Pictured, in order of their presidencies, are the 37th to the 44th (years in office and comments) enjoying bicycles at some time in their lives: Richard Milhous Nixon (1969-1974, family outing in D.C.), Gerald Rudolph Ford (1974-1977, as a child), James Earl Carter, Jr. (1977-1981), Ronald Wilson Reagan (1981-1989, tandem actor), George Herbert Walker Bush (1989-1993, while visiting Beijing), William Jefferson Clinton (1993-2001, receiving a bike from Lance Armstrong), George Walker Bush (2001-2009, mountain biking during countless Texas vacations), Barack Hussein Obama (2009-present, during a recent vacation on Martha’s Vineyard). [All images repeated from internet sources; click to enlarge.]
Enough about political leaders. How about the late Soichiro Honda, founder and president of Honda Motor Company? To Labann’s knowledge, he’s the only modern automotive CEO to establish a career by working on bicycles in his father’s shop. Honda, shown with a bike upon which he slapped a motor, was also the first Japanese maker to assemble cars in the United States. Ford built where he sold, too, successfully. This year, the most popular vehicle in America of any type is the fuel efficient Honda Accord LX sedan. Can identify with Honda’s curious policy of waigaya, loosely translated as “blah blah blah” or "brainstorming", which solicits commentary from everyone involved so as to explore all possibilities for quality improvements. It’s precisely the invitation to dialog that Bike&Chain was built upon.
It’s unfinished logic was supposed to draw readers own comments, rather than simply disengage. Different shards of reason wind up in individuals. The collective unconscious requires billions of viewpoints to exist and sustain itself. It's akin to biodiversity, where all pieces of an ecosystem are necessary as long as they stay in balance. How they know, what they feel, why feeling surpasses knowing for most humans are all intrinsic to the B&C experience. Was intended to be participatory, reaching out singly to stimulate responding publicly, and set up so readers could access at any point and still become immersed, with arc but no causality, unlike most linear narratives.
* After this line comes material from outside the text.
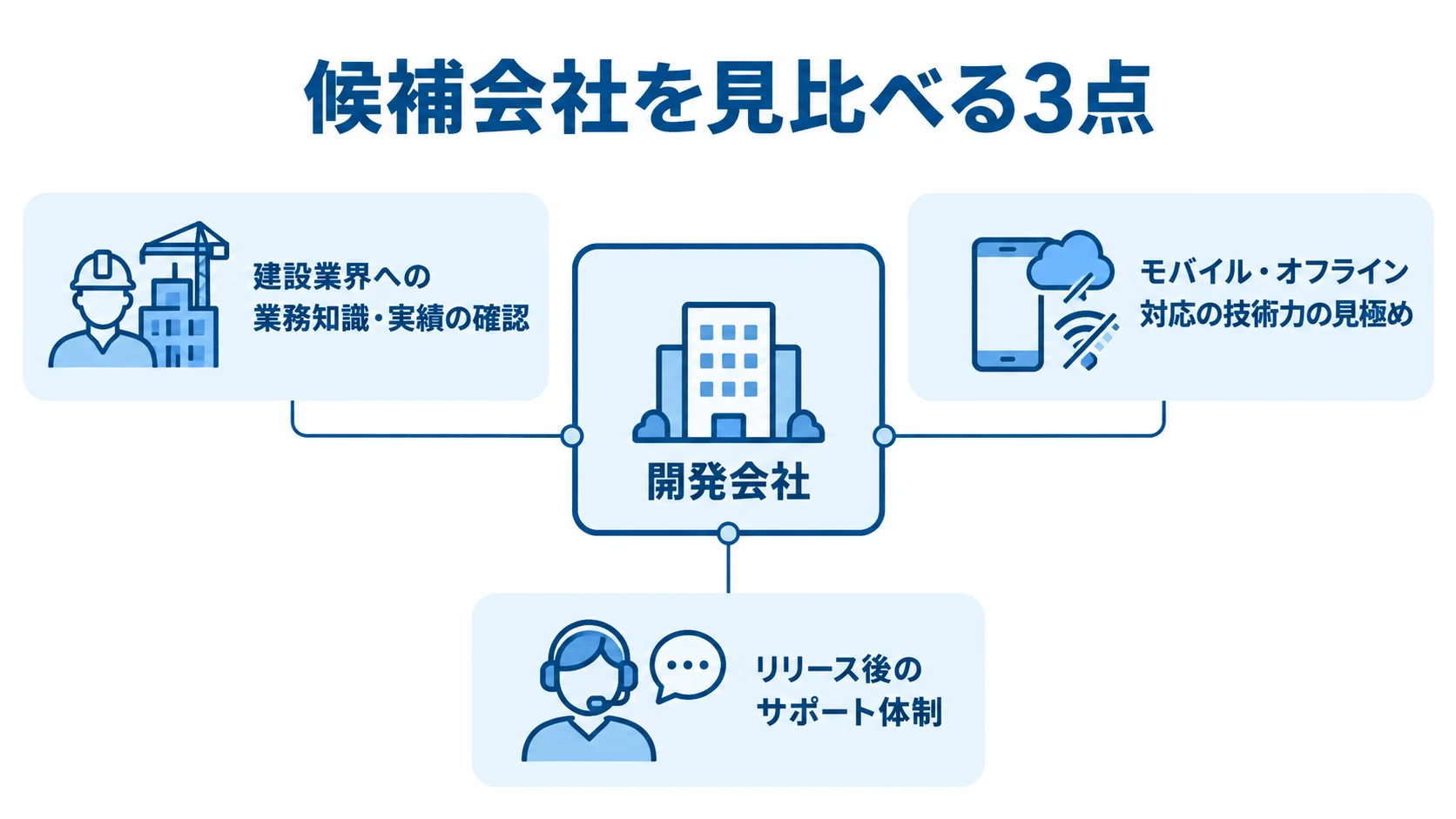 工事管理システム開発会社を選ぶ3つの確認観点 開発会社を中心に、業務知識・実績、モバイル・オフライン対応、リリース後のサポート体制を確認観点として示す図。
Might be confrontational when an author eager for conversation suggests reading a big damn experimental book. Although many influences shape progress, only your own position and what you made of it matters in the end. Only then will anybody realize it has the smallest merit, if only an ancient signpost stuck at an intersection pointing to a destination that no longer exists.
Commitment goads action. Indecision yields mediocrity. Does perpetually conflicted negate advancement? No. All action occurs before results can be evaluated. Struggles writhe around indeterminate possibilities. Inaction can impact just as much as action. History determines results and provokes change, not participants or presidents whose job is only to choose and do. You prevent through planning, though proactive planners seldom consider all contingencies. Only artists concern themselves with rare imagination and remote chances. Heads of state just inherit situations and suggest directions. Blame ambitious demagogues in Congress for unintended consequences of badly written laws.